La décision si attendue de la commission européenne sur les nouvelles dispositions de la législation sur les cartels pour le secteur automobile (REC automobile) vient d’être rendue. Malheureusement, il n’y a pas de grande surprise et le règlement d’exemption par catégorie (REC) reprend dans une large mesure la version provisoire publiée en décembre dernier et ne répond malheureusement pas aux attentes que le Parlement européen avait fondées sur Joaquin Almunia, le nouveau commissaire chargé de la concurrence. L’UPSA, Union professionnelle suisse de l'automobile, s’oppose résolument à la suppression des aménagements de la législation sur les cartels pour la distribution et salue par ailleurs le renforcement au plan juridique des ateliers d’entretien et de réparation, tel que le prévoie l’UE.

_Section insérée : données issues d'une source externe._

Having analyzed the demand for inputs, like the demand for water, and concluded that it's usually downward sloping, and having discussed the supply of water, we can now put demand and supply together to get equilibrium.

Selon le nouveau dispositif de l’UE, les aménagements actuels de la législation sur les cartels pour le secteur de l’automobile demeureront applicables jusqu’au 1er juin 2013. Ensuite, toutes les clauses sectorielles pour la distribution seront remplacées par le REC vertical. Sur un plan juridique, la vente de véhicules, qui impose pourtant de lourds investissements, se trouvera au même rang que le commerce de biens de consommation courante comme le dentifrice ou les chaussettes. Pour les services d’entretien et de réparation, la commission européenne admet le principe d’une concurrence inégale et accorde des dérogations sectorielles pour les garages. Ce dispositif en deux parties est désormais adopté. Il entrera en vigueur le 1er juin 2010, sera applicable jusqu’en 2013 et se substitue au REC actuel qui expire en fin de mois dans l'UE. L’UPSA s’oppose résolument à la suppression des dispositions du droit des cartels pour la distribution et salue par ailleurs le renforcement au plan juridique des ateliers d’entretien et de réparation, tel que le prévoie l’UE.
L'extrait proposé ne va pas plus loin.